- **Your objective**
What is needed is the full listing written out exactly, minus the pictures.

- **Data segment**
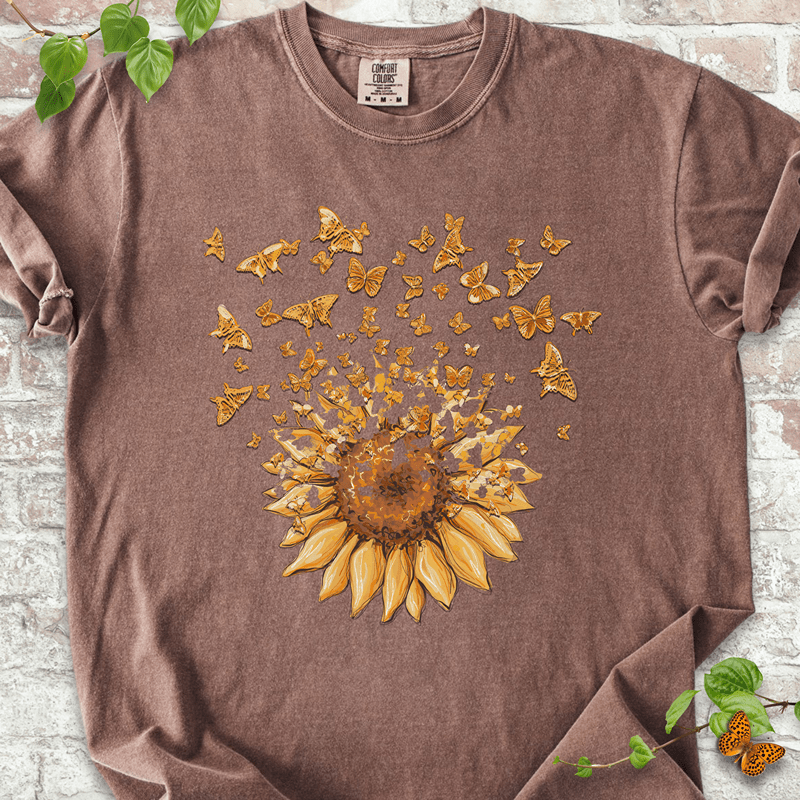 Sunflower Butterfly Burst T-Shirt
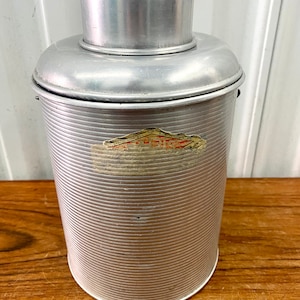 1940s Faris Aluminum Insulated Picnic Jug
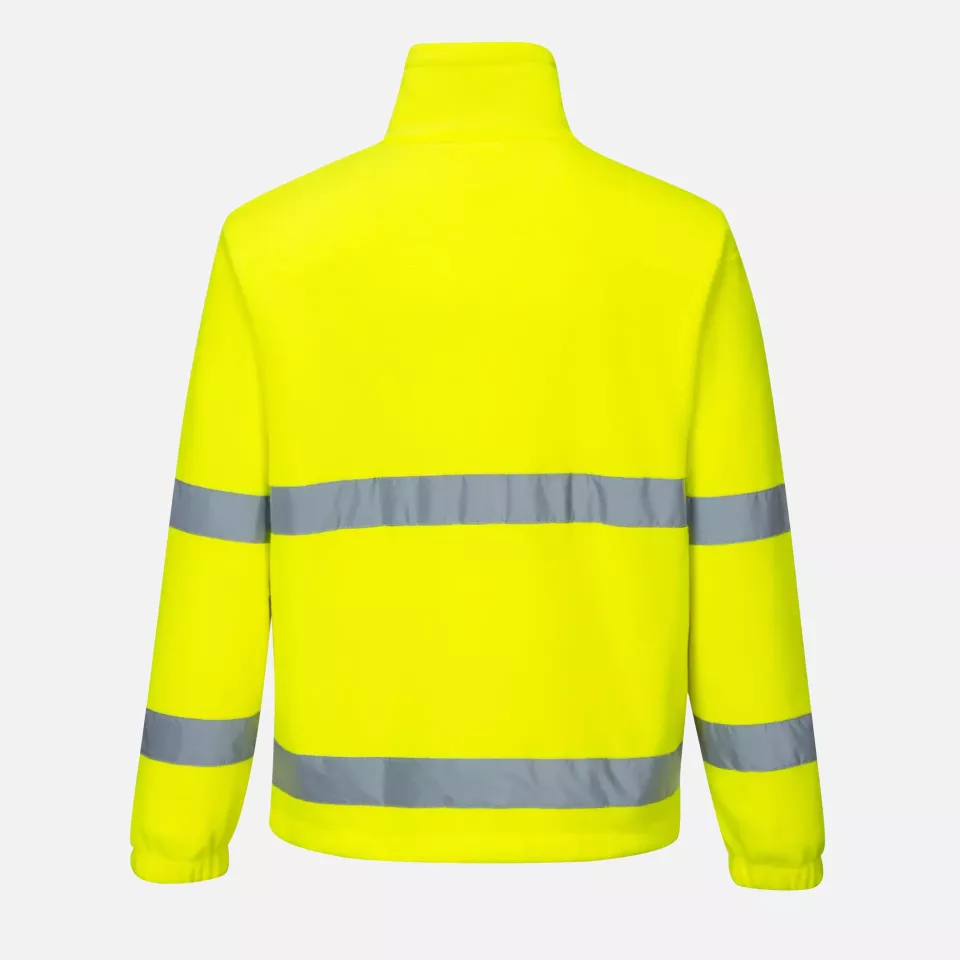 Portwest F250YER, Warnschutz Essential Fleecejacke, Gelb, image 2, gallery thumbnail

- **Response to this task**
 Sunflower Butterfly Burst T-Shirt
 1940s Faris Aluminum Insulated Picnic Jug
 Portwest F250YER, Warnschutz Essential Fleecejacke, Gelb, image 2, gallery thumbnail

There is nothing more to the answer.